Facebook continues to force its Messenger application on its users.
Facebook is soon going to end support for messaging on its mobile browser version. The company is also notifying mobile browser users to download the Messenger app to continue messaging friends on the social network. The latest move comes approximately two years after Facebook had separated Messenger from the Facebook app.
While it is still possible to message through the mobile browser, but it has already become cumbersome. Facebook is showing a message that “your conversations are moving to Messenger.” On tapping the tiny “X” you can see the messages, but tapping on any of the message, it will redirect you to Google Play store. Go back to the messages, and then finally you can start your conversations.

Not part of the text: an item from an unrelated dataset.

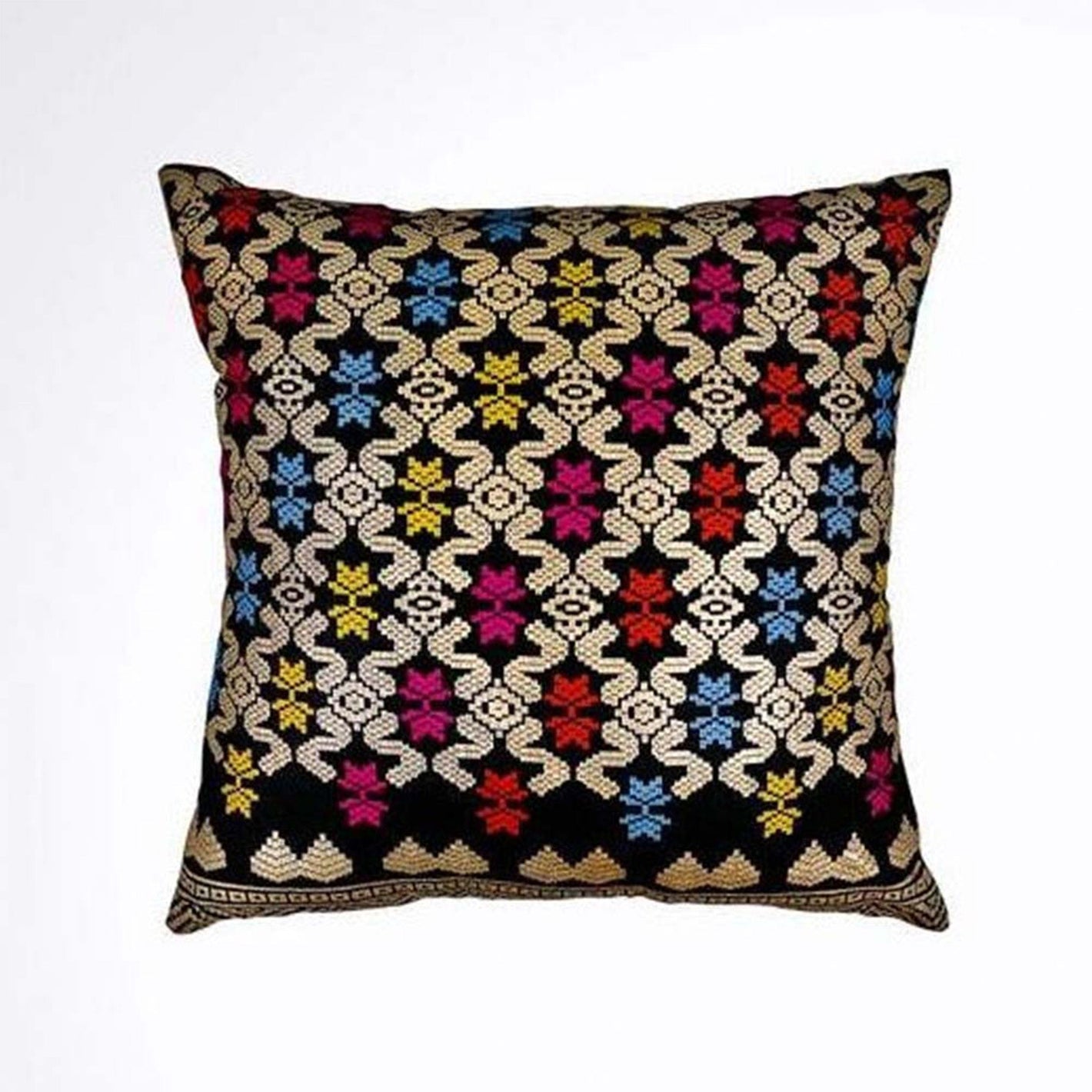 Handwoven Ikat Pillow Cover, Green and Gold. Cover Only with No Insert. 16x16 inches, Cushion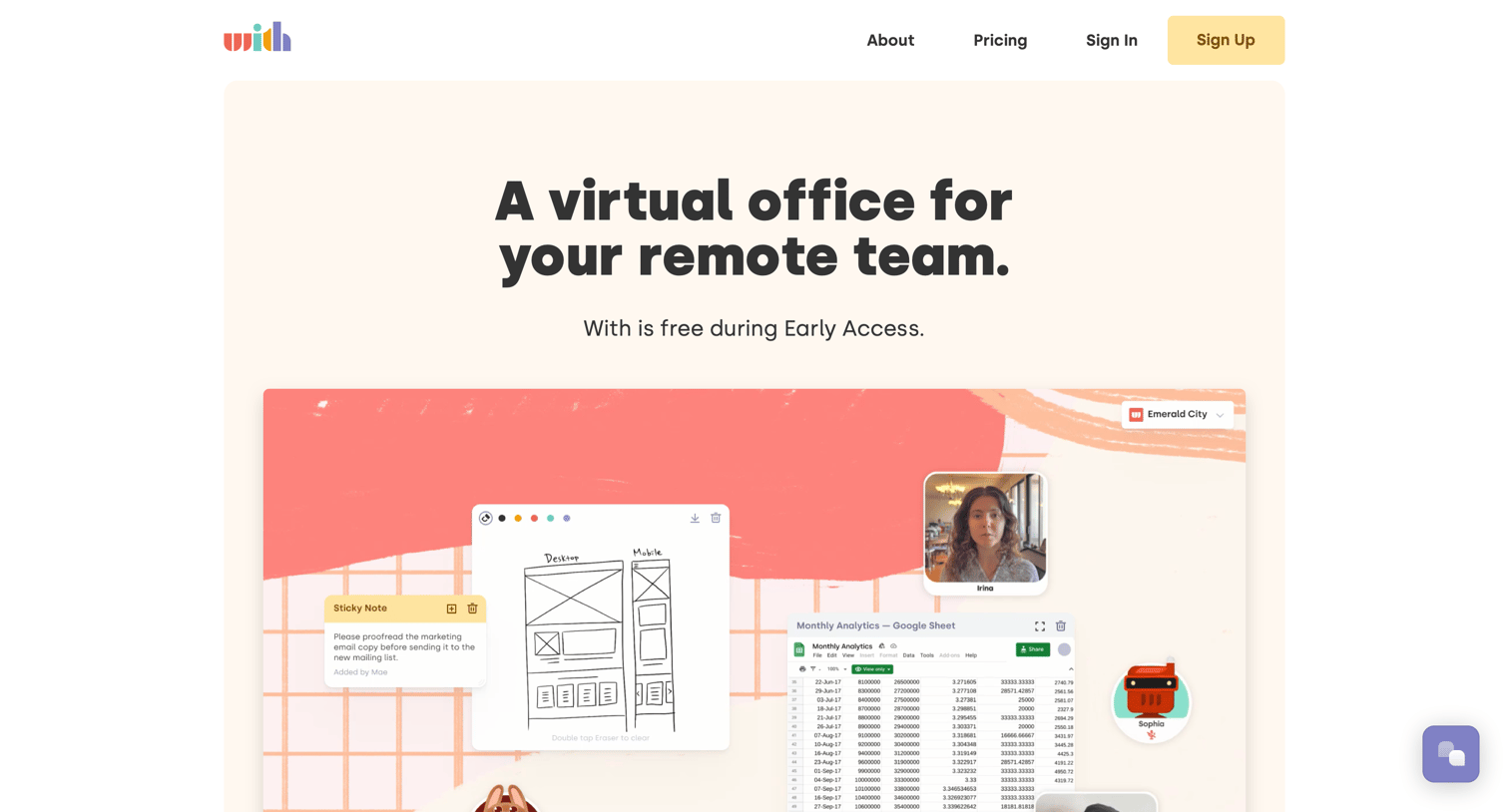 With - With • A virtual office for your remote team. screen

At the time of filing this article I could access messages through the mobile site without getting any notification, but a few have already started receiving the notification. And it looks like it is just a matter of time before the same starts to appear to more people. That said, it is not very clear whether Facebook will force the same on its Facebook Lite users or those using the social networking site on popular third party browsers like UC Web or Opera Mini, which have a deeper Facebook integration.
Well, it is not the first time Facebook has forced the Messenger app on its users. Back in 2014, Facebook had announced separating the messaging feature from its mobile app. Despite initial backlash from users, Facebook defended the move stating it would help deliver quality of experience. “We’re trying to build a service that’s good for everyone. Because Messenger is faster and more focused, if you’re using it, you respond to messages faster,” Mark Zuckerberg had then responded to the criticism.

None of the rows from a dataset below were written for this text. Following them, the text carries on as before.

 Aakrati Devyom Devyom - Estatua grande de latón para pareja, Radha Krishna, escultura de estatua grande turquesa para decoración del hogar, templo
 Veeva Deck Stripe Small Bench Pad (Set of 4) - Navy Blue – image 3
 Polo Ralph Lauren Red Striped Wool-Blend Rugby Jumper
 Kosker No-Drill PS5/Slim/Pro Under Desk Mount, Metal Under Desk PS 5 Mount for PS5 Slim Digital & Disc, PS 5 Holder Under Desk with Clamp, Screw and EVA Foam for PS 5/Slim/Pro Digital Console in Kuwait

For Facebook, the move has done wonders as its Messenger is now the world’s second largest instant messaging app after WhatsApp with over 900 million users worldwide. In last two years, the Messenger app has significantly evolved from just routine instant messaging application to a platform that now lets you interact with Artificial Intelligence-based bots.

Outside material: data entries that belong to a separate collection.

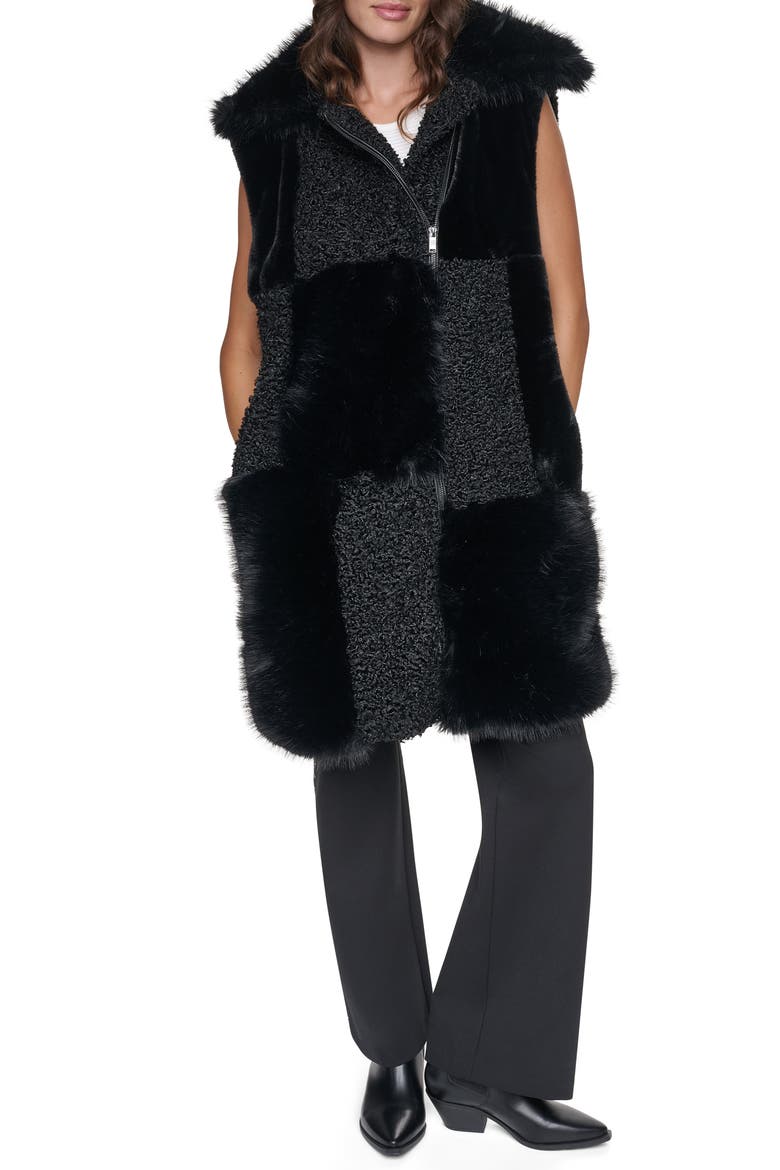 Patch Mix Faux Fur Long Vest, Main, color, BLACK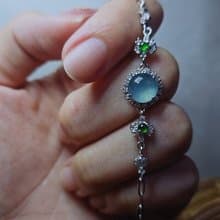 |夢幻藍仙子|A貨翡翠冰玻藍膠大蛋面8.2mm純銀鍍18k精緻手鏈
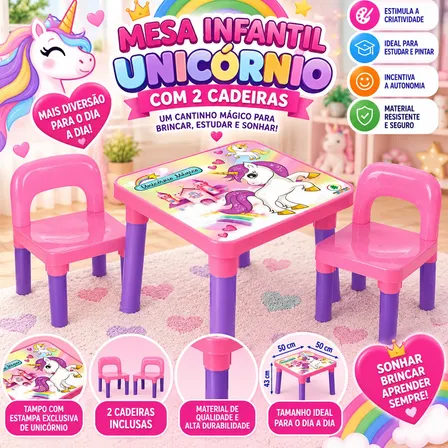 Mesa Infantil Unicórnio Com 2 Cadeiras Kit Para Crianças Rosa/rosa Chiclete/roxo
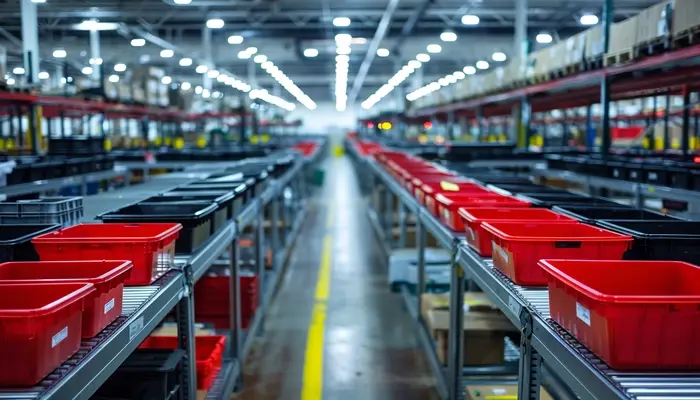 Long rows of shelves filled with red and black bins in a well-organized warehouse, representing Lean Production processes.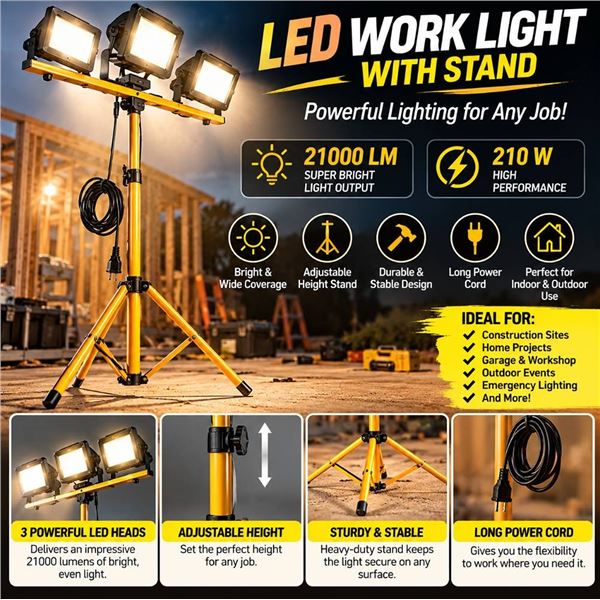 21000LM LED Work Light With Tripod Stand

Currently there is no such data on how many users have been accessing the messages through mobile web browsers. But many have been using this web browser workaround to access messages as they didn’t want to download the Messenger app.
Even I have been using this workaround for a very long time as it gave me the liberty to message only when I intended to. The messaging experience on mobile browser is definitely not at par with the standalone app, but gets the job done nevertheless. So, not having another battery-hogging app on my smartphone made totally sense.